(Stored items)
*** Begin section ***

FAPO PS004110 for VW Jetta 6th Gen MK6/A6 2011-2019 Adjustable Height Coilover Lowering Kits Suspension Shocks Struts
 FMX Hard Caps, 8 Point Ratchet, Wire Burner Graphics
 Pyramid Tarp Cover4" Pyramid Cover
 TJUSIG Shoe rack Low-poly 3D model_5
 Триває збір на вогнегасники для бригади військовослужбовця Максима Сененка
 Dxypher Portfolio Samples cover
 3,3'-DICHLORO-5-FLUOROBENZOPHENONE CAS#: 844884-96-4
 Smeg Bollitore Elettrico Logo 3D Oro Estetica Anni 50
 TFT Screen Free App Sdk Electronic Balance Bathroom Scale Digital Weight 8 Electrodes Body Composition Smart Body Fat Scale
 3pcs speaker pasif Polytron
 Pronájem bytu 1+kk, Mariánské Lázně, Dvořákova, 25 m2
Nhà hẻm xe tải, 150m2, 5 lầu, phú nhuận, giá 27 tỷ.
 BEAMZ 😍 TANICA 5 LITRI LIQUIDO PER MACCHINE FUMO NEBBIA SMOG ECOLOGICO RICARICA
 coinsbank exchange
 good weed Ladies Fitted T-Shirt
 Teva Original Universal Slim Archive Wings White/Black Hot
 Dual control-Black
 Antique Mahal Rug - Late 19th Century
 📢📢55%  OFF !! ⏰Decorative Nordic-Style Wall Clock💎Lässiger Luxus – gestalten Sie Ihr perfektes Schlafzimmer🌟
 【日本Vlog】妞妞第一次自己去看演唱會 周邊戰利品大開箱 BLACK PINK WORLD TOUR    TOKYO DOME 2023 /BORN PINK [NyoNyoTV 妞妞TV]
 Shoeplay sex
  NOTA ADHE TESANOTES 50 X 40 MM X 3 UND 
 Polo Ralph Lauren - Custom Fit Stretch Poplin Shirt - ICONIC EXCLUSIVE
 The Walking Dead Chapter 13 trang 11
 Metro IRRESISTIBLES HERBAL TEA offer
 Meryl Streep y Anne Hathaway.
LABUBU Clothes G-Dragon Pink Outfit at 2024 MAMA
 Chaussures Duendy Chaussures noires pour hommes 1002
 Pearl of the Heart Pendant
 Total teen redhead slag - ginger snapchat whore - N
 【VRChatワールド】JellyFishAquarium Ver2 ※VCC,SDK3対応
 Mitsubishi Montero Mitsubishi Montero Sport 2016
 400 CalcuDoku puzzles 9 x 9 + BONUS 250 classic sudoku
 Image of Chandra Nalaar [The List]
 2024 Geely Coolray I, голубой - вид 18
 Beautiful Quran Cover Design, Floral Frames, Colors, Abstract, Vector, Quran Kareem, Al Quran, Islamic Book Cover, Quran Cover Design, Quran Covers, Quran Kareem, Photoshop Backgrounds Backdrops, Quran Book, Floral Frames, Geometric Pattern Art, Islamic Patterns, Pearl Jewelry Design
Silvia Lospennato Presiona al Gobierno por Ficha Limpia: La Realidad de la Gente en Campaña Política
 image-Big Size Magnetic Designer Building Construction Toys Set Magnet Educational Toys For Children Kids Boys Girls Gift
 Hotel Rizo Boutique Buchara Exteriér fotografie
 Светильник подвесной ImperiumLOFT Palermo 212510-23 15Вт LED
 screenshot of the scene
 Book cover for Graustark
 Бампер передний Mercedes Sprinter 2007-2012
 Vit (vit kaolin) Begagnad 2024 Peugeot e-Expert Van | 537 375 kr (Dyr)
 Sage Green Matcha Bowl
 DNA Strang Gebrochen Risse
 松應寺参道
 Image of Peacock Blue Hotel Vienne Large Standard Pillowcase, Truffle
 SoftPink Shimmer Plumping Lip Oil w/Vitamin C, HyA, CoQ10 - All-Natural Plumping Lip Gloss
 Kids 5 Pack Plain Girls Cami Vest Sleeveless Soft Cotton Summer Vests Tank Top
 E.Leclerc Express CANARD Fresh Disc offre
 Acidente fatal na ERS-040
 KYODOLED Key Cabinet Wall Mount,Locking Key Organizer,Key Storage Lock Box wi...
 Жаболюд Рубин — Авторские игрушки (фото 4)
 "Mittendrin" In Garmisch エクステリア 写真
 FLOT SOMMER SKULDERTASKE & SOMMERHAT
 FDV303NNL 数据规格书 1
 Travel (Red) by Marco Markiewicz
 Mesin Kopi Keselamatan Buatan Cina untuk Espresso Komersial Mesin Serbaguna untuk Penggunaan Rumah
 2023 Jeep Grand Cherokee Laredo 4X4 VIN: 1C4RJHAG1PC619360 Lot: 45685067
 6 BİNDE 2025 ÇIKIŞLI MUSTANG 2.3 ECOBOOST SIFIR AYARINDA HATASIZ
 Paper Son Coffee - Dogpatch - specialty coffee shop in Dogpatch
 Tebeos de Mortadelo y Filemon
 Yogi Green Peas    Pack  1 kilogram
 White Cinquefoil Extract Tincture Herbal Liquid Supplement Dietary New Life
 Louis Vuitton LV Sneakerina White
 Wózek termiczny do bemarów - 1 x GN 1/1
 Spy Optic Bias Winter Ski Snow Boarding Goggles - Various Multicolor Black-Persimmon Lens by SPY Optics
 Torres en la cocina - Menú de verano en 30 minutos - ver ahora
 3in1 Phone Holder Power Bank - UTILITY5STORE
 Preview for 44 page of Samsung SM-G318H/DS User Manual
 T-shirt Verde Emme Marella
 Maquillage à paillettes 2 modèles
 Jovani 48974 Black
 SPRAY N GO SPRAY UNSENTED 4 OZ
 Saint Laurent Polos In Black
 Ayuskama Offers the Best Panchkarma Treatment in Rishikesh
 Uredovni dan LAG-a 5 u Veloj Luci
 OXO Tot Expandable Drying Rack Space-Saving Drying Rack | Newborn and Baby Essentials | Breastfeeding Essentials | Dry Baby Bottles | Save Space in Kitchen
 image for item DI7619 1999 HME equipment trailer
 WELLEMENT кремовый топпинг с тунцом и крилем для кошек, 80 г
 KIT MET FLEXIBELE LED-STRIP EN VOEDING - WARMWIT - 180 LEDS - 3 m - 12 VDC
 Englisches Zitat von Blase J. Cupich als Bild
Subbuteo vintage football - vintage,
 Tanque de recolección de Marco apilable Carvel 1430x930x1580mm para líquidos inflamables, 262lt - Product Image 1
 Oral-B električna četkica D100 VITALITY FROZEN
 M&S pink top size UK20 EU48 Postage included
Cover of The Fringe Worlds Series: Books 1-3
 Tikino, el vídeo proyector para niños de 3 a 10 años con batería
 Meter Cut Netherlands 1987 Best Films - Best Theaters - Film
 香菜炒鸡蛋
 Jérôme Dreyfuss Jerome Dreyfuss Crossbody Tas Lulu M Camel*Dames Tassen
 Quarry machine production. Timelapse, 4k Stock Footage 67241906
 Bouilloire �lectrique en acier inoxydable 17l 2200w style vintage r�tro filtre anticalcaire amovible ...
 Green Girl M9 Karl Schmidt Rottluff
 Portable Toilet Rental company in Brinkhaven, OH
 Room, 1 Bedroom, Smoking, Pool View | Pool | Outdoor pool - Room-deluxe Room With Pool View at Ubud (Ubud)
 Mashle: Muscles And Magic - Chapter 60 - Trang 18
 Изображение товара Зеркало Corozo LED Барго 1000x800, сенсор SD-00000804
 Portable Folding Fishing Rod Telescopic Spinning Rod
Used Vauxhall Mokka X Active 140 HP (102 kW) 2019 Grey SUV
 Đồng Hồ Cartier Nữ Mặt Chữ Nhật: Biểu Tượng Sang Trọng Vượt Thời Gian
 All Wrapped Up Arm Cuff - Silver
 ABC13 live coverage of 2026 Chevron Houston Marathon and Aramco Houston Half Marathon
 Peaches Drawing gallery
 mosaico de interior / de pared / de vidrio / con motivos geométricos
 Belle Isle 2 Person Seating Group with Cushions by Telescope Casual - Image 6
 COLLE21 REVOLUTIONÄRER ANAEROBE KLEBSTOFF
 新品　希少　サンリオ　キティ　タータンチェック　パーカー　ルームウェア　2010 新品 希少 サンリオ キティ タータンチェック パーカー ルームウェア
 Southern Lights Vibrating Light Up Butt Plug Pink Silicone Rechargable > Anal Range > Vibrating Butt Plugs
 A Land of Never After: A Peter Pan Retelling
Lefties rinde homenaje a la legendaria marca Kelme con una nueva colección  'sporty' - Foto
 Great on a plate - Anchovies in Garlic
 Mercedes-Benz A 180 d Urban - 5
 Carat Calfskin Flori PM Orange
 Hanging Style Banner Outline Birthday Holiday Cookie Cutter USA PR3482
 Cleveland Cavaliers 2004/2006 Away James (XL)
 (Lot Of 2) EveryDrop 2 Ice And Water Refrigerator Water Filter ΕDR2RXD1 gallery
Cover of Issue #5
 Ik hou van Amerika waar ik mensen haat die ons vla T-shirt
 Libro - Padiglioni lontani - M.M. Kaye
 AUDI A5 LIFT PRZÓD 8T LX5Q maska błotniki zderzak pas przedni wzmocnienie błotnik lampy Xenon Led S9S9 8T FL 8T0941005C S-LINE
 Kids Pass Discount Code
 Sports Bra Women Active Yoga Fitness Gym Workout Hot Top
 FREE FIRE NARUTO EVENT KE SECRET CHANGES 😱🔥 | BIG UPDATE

*** End section ***

What you should do - Copy out the range of lines above starting at the line with "Used Vauxhall Mokka" and ending at the line with "Ik hou van Amerika", exactly and including both.

Written solution -
Used Vauxhall Mokka X Active 140 HP (102 kW) 2019 Grey SUV
 Đồng Hồ Cartier Nữ Mặt Chữ Nhật: Biểu Tượng Sang Trọng Vượt Thời Gian
 All Wrapped Up Arm Cuff - Silver
 ABC13 live coverage of 2026 Chevron Houston Marathon and Aramco Houston Half Marathon
 Peaches Drawing gallery
 mosaico de interior / de pared / de vidrio / con motivos geométricos
 Belle Isle 2 Person Seating Group with Cushions by Telescope Casual - Image 6
 COLLE21 REVOLUTIONÄRER ANAEROBE KLEBSTOFF
 新品　希少　サンリオ　キティ　タータンチェック　パーカー　ルームウェア　2010 新品 希少 サンリオ キティ タータンチェック パーカー ルームウェア
 Southern Lights Vibrating Light Up Butt Plug Pink Silicone Rechargable > Anal Range > Vibrating Butt Plugs
 A Land of Never After: A Peter Pan Retelling
Lefties rinde homenaje a la legendaria marca Kelme con una nueva colección  'sporty' - Foto
 Great on a plate - Anchovies in Garlic
 Mercedes-Benz A 180 d Urban - 5
 Carat Calfskin Flori PM Orange
 Hanging Style Banner Outline Birthday Holiday Cookie Cutter USA PR3482
 Cleveland Cavaliers 2004/2006 Away James (XL)
 (Lot Of 2) EveryDrop 2 Ice And Water Refrigerator Water Filter ΕDR2RXD1 gallery
Cover of Issue #5
 Ik hou van Amerika waar ik mensen haat die ons vla T-shirt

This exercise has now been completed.